Report: FCC Hands TV Stations A Setback on Local Ownership
By Ted Hearn, Editor of Policyband
Washington, D.C., Dec. 23, 2023 – After weeks of intense lobbying, the Federal Communications Commission has reportedly adopted new media ownership rules, and it appears TV station owners have been dealt a setback.
The news came in a post on the X microblogging site by a reporter for Communications Daily, an industry newsletter that follows FCC activity closely.
“The FCC has approved the 2018 Quad Review order 3-2. I'm told the order still extends top 4 prohibition to LPTV and multicast streams, only change is language highlighting the waiver process,” reporter Monty Tayloe wrote on Friday.

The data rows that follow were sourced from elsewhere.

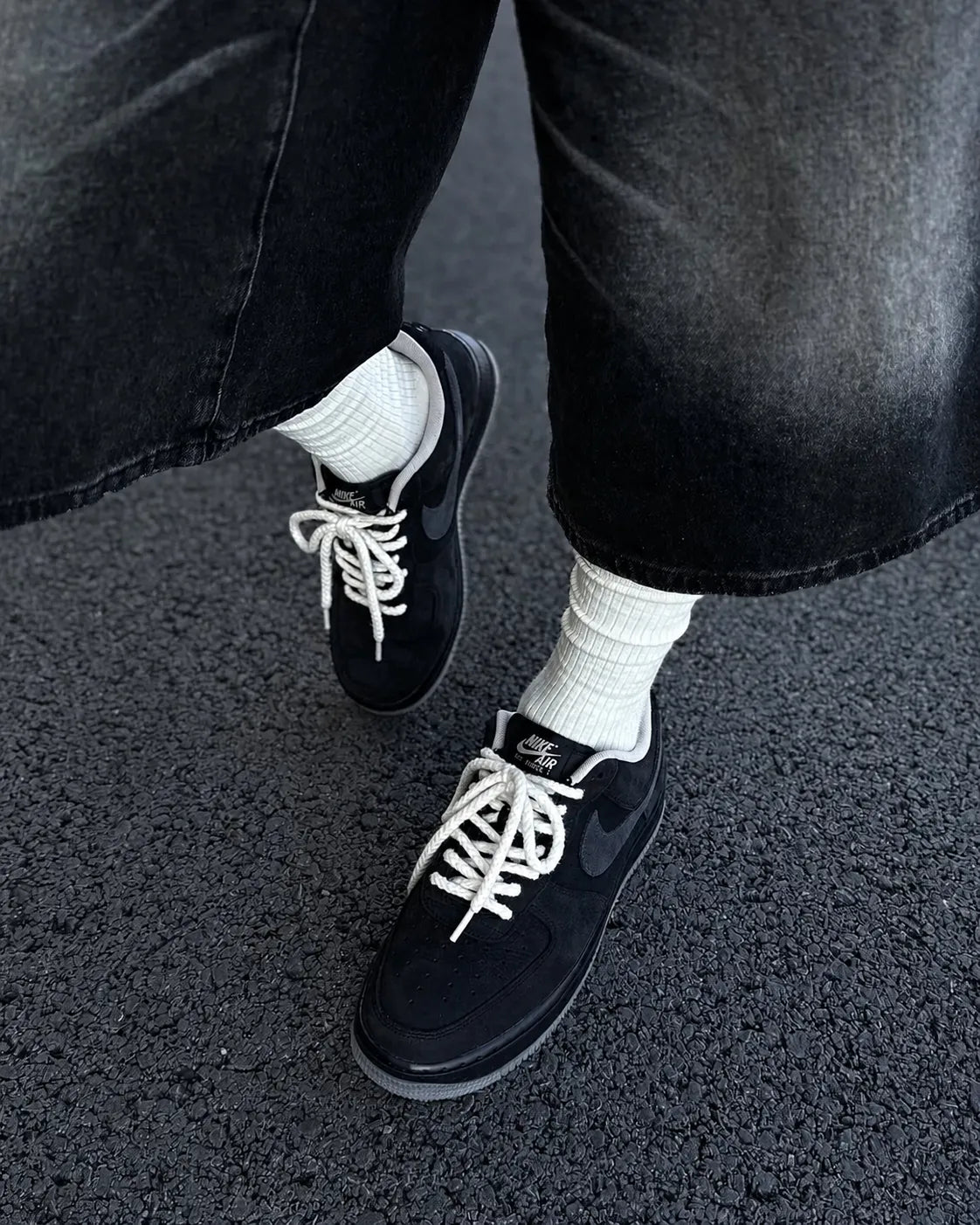 NIKE AIR FORCE 1 Black Fossil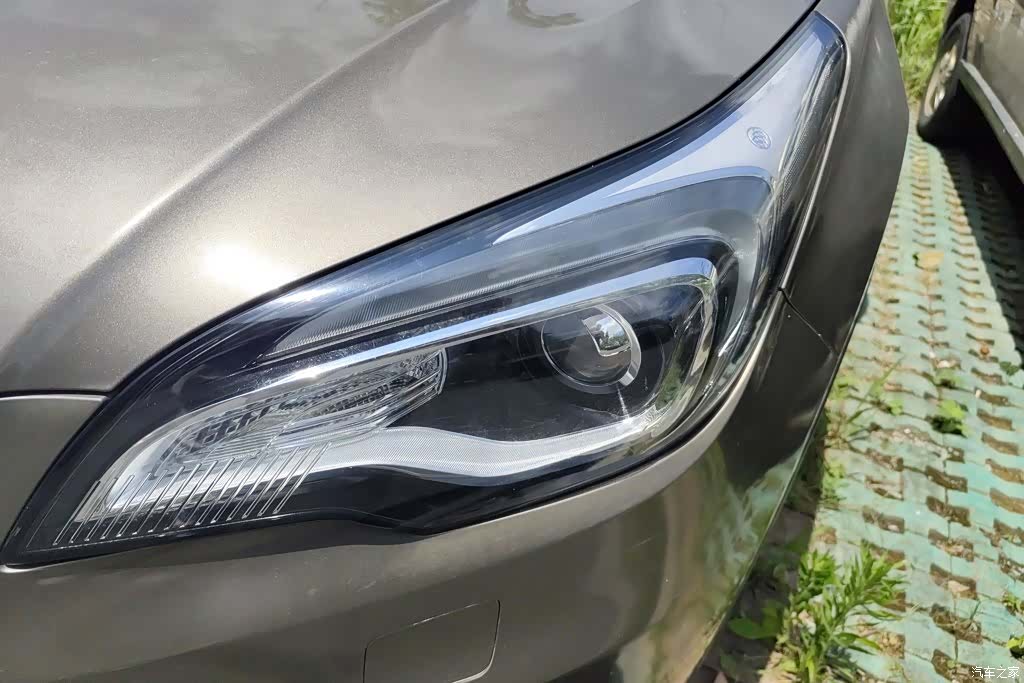 Buick Envision Plus, 2017 все фото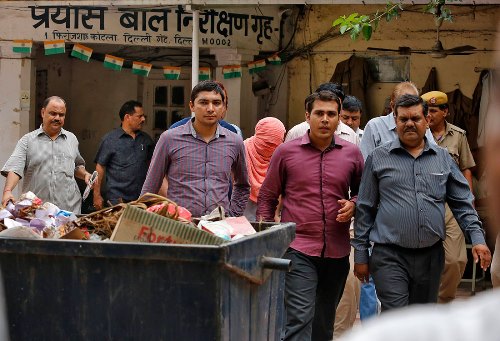 Hombres que violaron grupalmente a joven india son condenados a muerte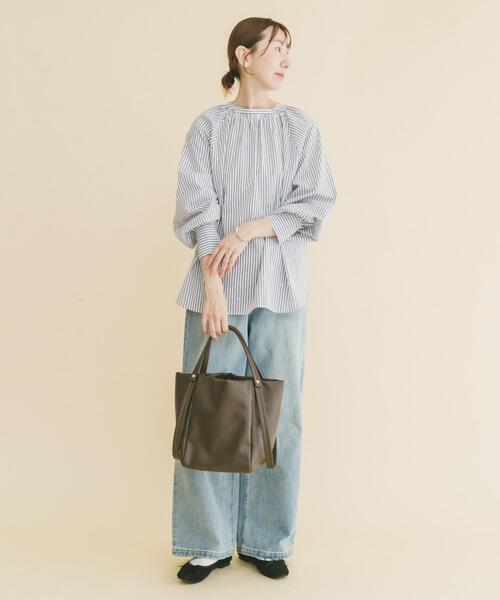 ITEMS URBANRESEARCH（アイテムズ アーバンリサーチ）の「ホットフィックス2WAYブラウス（シャツ/ブラウス・レディース・ホワイト系その他/チャコールグレー/ストライプ・FREE）」の8枚目の写真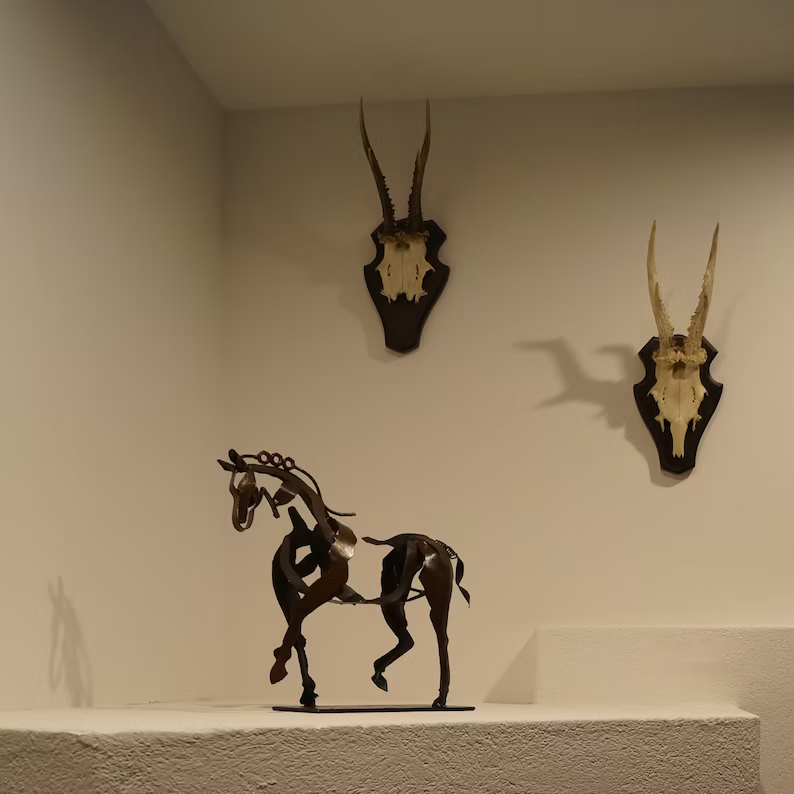 Handgemaakt Paarden Beeldje – Ferro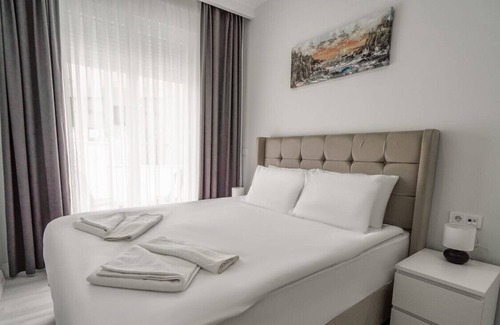 Antalya City Centre Apartment | Charming and Central Flat near Beach in Muratpasa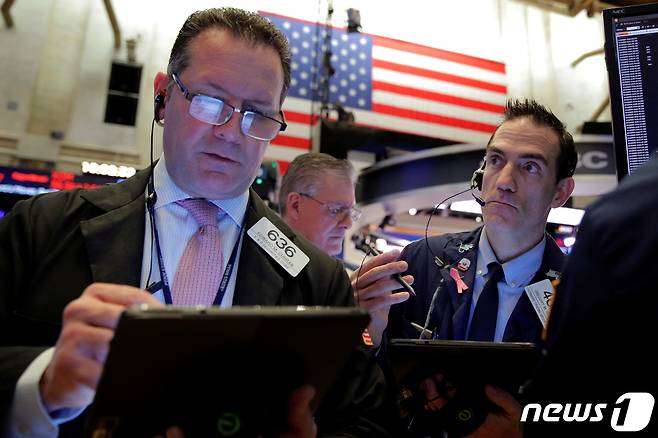 미국 뉴욕증권거래소(NYSE)에서 트레이더들이 업무를 보고 있다. ⓒ 로이터=뉴스1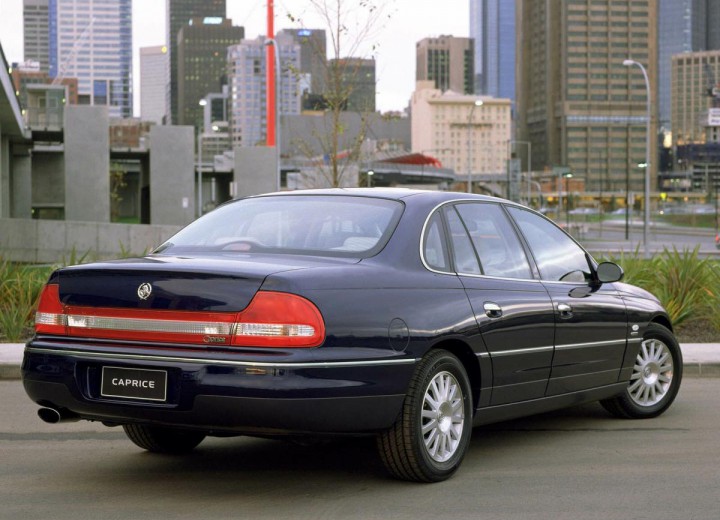 Technical specifications and characteristics for【Holden Caprice (VH)】 - picture 3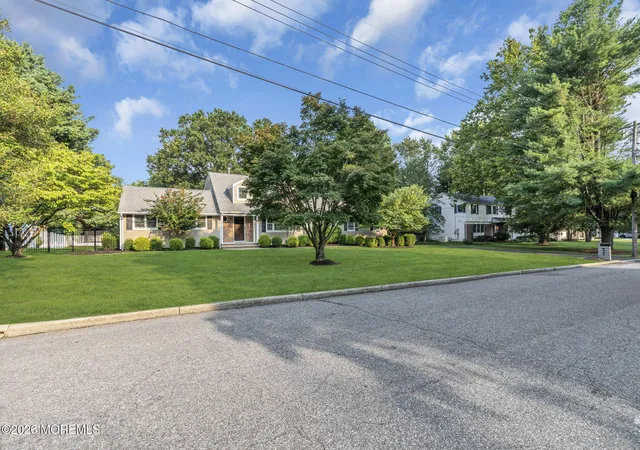 4th image of 25 Nedshire Dr, Middletown, NJ 07748 | MLS# 22625636
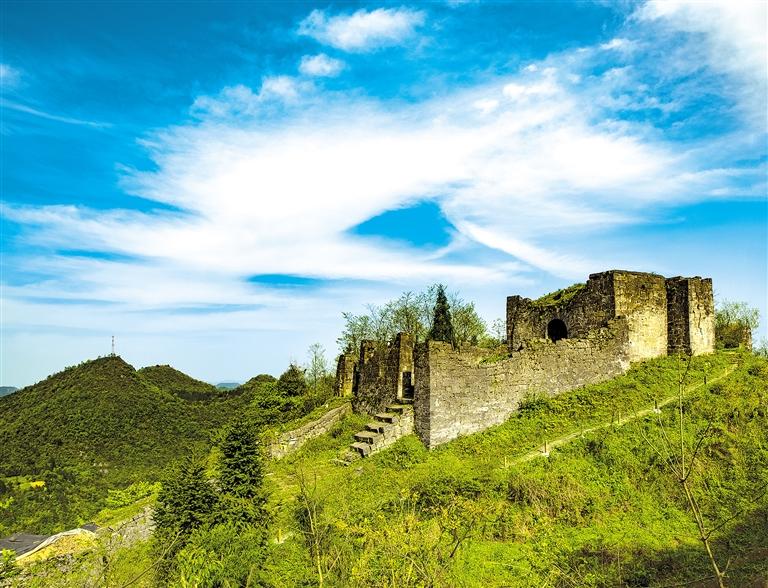 在遵义海龙屯感受沧桑历史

If the report is accurate, then the FCC has decided to modify its top four rule – which says an entity may not own more than one of the four highest-rated TV stations in a local market, which are typically, but not always, the ABC, CBS, NBC and Fox stations.
Under the current rule, a single TV station in a market has been allowed to affiliate with multiple Big Four networks by owning low power TV stations or airing the programming on digital multicast subchannels. In Harrisonburg, Va., Gray TV uses this combination to control all Big Four networks, according to NCTA - The Internet & Television Association.
It appears the FCC has decided that it needed to tighten its regulations to ensure that the local provision of Big Four programming cannot be concentrated in the hands of one or two TV station owners.
Unclear is what the FCC decided about short markets, where not all Big Four programming is available because the market has three or fewer full power TV stations.
Also unclear is whether the FCC is going to grandfather markets where a TV station has affiliated with multiple networks, and whether the grandfather will continue with future owners of the TV station.
The FCC was under a court order to issue a ruling by Dec. 27.
NCTA, whose members include Comcast and Charter, urged the FCC to shutter the top four rule’s “loopholes,” saying they trigger signal blackouts and higher payments to TV station owners.
“The [FCC] and the Department of Justice have repeatedly found that the common ownership of two top-four stations in a market gives the owner increased leverage in retransmission consent negotiations that harms competition and leads to increases in retransmission consent costs, higher consumer prices, and an increased risk that multiple top stations go dark simultaneously,” NCTA said in a Dec. 21 letter to the FCC.
On Dec. 19, TV station owners affiliated with the Big Four networks defended the right of a single TV station owner to control the programming of more than one Big Four network.
“The tangible benefits of dual and multiple affiliations are particularly critical in small markets, where viewers often rely primarily if not solely on over-the-air broadcast signals for local news and other programming,” the Big Four affiliates said in a letter documenting a videoconference call with aides to Democratic FCC Commissioner Anna Gomez.